**EXERCISE REQUIREMENTS:** Set down a word-for-word copy of the data below, limited to the lines from the first through the line with "The Sacred Ruins Chapter 201 Gambar 19".

**INFORMATION PROVIDED:**
▼

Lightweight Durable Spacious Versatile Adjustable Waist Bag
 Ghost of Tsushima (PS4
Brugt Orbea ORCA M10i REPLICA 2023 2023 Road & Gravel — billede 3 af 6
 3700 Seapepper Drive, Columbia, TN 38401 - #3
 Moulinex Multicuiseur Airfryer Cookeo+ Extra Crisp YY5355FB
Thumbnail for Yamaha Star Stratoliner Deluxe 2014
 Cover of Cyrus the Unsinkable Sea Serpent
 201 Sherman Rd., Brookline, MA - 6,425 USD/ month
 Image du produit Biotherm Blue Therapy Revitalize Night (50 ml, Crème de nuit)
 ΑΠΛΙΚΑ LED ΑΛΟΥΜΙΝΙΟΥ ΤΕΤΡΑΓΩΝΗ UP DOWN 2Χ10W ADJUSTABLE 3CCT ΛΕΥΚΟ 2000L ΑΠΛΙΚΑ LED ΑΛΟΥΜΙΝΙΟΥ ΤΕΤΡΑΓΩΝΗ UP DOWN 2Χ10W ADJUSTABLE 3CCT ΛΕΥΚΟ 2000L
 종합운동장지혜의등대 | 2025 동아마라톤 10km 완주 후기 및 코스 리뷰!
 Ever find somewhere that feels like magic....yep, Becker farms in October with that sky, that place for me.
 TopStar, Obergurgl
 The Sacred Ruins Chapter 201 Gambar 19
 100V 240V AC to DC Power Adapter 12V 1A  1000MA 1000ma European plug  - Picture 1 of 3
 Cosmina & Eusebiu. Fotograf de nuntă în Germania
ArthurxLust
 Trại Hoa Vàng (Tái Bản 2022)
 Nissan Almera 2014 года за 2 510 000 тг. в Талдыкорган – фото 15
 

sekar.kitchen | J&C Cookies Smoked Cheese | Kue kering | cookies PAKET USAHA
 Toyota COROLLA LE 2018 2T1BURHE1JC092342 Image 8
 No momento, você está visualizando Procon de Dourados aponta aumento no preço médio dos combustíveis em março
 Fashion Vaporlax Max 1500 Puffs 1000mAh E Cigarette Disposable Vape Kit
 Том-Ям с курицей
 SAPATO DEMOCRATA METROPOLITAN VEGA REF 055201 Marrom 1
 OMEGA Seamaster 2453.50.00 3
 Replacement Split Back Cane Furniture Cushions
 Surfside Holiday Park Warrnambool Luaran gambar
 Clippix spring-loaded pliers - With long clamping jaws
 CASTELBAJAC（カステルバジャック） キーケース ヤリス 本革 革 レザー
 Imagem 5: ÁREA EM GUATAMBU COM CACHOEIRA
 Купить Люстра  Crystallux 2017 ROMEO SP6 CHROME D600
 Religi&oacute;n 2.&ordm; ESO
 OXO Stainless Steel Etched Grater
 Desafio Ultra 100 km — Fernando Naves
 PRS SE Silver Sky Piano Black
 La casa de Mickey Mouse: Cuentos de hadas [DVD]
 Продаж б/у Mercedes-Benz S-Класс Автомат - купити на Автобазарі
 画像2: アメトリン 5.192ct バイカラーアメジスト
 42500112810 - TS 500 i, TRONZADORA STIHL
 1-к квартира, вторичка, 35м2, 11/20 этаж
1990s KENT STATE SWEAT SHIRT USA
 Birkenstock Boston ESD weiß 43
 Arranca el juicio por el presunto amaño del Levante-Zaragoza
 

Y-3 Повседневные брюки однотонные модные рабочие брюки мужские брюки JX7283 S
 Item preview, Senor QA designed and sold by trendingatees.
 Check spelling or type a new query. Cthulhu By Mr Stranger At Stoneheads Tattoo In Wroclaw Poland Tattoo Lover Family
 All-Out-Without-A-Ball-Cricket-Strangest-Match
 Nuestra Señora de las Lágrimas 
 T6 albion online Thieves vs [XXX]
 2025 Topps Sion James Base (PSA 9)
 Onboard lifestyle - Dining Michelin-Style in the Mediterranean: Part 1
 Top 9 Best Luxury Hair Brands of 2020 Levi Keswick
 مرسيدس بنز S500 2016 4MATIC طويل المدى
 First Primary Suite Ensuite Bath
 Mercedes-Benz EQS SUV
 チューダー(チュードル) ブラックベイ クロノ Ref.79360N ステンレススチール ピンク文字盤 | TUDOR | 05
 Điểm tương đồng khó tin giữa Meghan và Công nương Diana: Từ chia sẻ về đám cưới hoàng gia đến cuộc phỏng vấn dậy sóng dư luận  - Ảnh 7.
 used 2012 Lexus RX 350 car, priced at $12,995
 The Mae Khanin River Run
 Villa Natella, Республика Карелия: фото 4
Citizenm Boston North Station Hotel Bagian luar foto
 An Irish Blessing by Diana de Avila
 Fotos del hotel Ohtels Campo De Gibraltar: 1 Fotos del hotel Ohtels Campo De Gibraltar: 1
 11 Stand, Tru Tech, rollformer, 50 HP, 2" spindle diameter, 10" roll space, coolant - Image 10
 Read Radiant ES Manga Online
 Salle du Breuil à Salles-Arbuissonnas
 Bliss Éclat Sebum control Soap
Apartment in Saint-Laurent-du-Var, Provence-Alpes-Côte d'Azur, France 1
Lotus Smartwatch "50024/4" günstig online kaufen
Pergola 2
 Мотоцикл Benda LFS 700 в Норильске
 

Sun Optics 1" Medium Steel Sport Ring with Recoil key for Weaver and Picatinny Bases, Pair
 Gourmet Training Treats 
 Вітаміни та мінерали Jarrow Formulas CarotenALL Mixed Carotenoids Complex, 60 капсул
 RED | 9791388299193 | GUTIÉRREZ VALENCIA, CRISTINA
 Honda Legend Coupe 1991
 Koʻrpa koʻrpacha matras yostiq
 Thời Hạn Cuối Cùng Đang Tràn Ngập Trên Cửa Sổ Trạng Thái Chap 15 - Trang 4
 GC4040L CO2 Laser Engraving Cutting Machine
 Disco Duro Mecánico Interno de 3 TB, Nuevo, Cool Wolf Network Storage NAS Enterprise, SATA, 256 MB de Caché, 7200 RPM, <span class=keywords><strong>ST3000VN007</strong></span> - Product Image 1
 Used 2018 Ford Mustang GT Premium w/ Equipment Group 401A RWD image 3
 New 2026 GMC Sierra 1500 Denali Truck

▲

**EXERCISE RESPONSE:**
Lightweight Durable Spacious Versatile Adjustable Waist Bag
 Ghost of Tsushima (PS4
Brugt Orbea ORCA M10i REPLICA 2023 2023 Road & Gravel — billede 3 af 6
 3700 Seapepper Drive, Columbia, TN 38401 - #3
 Moulinex Multicuiseur Airfryer Cookeo+ Extra Crisp YY5355FB
Thumbnail for Yamaha Star Stratoliner Deluxe 2014
 Cover of Cyrus the Unsinkable Sea Serpent
 201 Sherman Rd., Brookline, MA - 6,425 USD/ month
 Image du produit Biotherm Blue Therapy Revitalize Night (50 ml, Crème de nuit)
 ΑΠΛΙΚΑ LED ΑΛΟΥΜΙΝΙΟΥ ΤΕΤΡΑΓΩΝΗ UP DOWN 2Χ10W ADJUSTABLE 3CCT ΛΕΥΚΟ 2000L ΑΠΛΙΚΑ LED ΑΛΟΥΜΙΝΙΟΥ ΤΕΤΡΑΓΩΝΗ UP DOWN 2Χ10W ADJUSTABLE 3CCT ΛΕΥΚΟ 2000L
 종합운동장지혜의등대 | 2025 동아마라톤 10km 완주 후기 및 코스 리뷰!
 Ever find somewhere that feels like magic....yep, Becker farms in October with that sky, that place for me.
 TopStar, Obergurgl
 The Sacred Ruins Chapter 201 Gambar 19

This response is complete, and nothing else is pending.